VIDEO. Selon une enquête, l’entreprise Lafarge déverserait du béton dans la Seine

Selon une enquête menée par Europe 1, l’entreprise Lafarge déverserait délibérément ses eaux usées, contenant du ciment et du plastique, dans la Seine. Des soupçons s’inscrivant dans la longue liste des crimes écologiques commis par de grandes entreprises dans leur course aux profits.

mardi 1er septembre

Crédits photo : Franck FIFE / AFP

Dans une vidéo publiée par Europe 1, un camion à béton de Lafarge déverse ses cuves d’eaux usées dans la Seine, en plein jour et à quelques pas de Bercy.

Si l’entreprise, mise en porte-à-faux, affirme qu’il s’agit d’un acte involontaire voire d’une prétendue « détérioration manifestement délibérée » du camion, un agent de développement de l’Association agréée de pêche et de protection du milieu aquatique interrogé par la station de radio affirme au contraire que ces déversements sont pratiqués sciemment, et cela depuis des années. Il explique à Europe 1 : "Clairement, c’est volontaire. Dans ces cuves, ce sont toutes les eaux et les restes de béton fabriqué dans la journée qui reviennent dans les camions en fin de journée. Ensuite, la société est censée traiter ses déchets".

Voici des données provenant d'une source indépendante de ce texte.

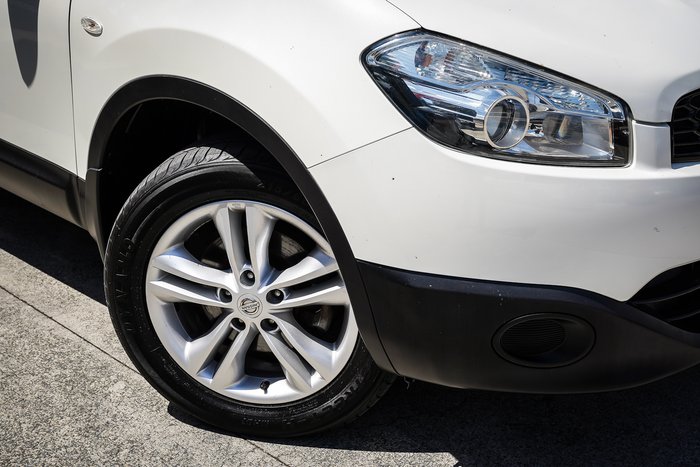 2013 NISSAN DUALIS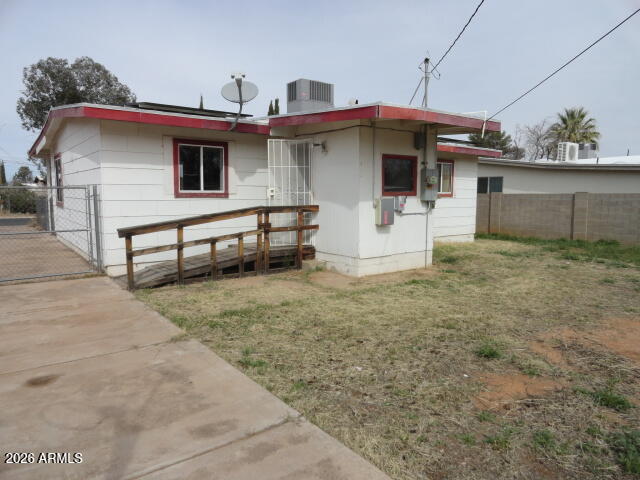 GARDEN CANYON - Residential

Le déversement de ces eaux usées dans le fleuve a pour principale conséquence l’étouffement des poissons et la pollution des algues. Si les faits sont avérés, il s’agirait d’un véritable scandale, alors que ces déchets pourraient être recyclés. Cette potentielle affaire n’est pas sans rappeler d’autres cas de destructions environnementales commises par les grandes entreprises, comme le déversement de boue réalisé par une station d’épuration de Nestlé dans une rivière, ayant causé la mort de trois tonnes de poissons dans les Ardennes.

Ces deux affaires et tant d’autres démontrent une nouvelle fois l’irresponsabilité du grand patronat, prêt à sacrifier la nature et la santé des populations pour générer toujours plus de profits. Mais ils illustrent également l’impunité qui règne, alors que le gouvernement ferme les yeux sur ces scandales écologiques et leurs conséquences. On se souvient notamment d’une autorisation préfectorale délivrée pour la réouverture de l’usine Lubrizol après un grave incendie impliquant des produits toxiques, et cela en dépit des données alarmantes révélant de lourdes répercussions sur la santé des habitants.

Face à des comportements aussi destructeurs, et pour une gestion de la productions transparente et soucieuse des normes sanitaires et environnementales, il n’est plus possible de croire en la bonne foie des entreprises. Aujourd’hui, c’est clairement avec une perspective anticapitaliste et sans conciliation qu’on pourra lutter contre ces désastres. Cette affaire montre bien, en plus, que si les travailleurs, qui sont ceux qui dénoncent ces agissements aujourd’hui et savent le mieux comment fonctionne ces usines, dirigeaient l’activité, il en serait tout autrement.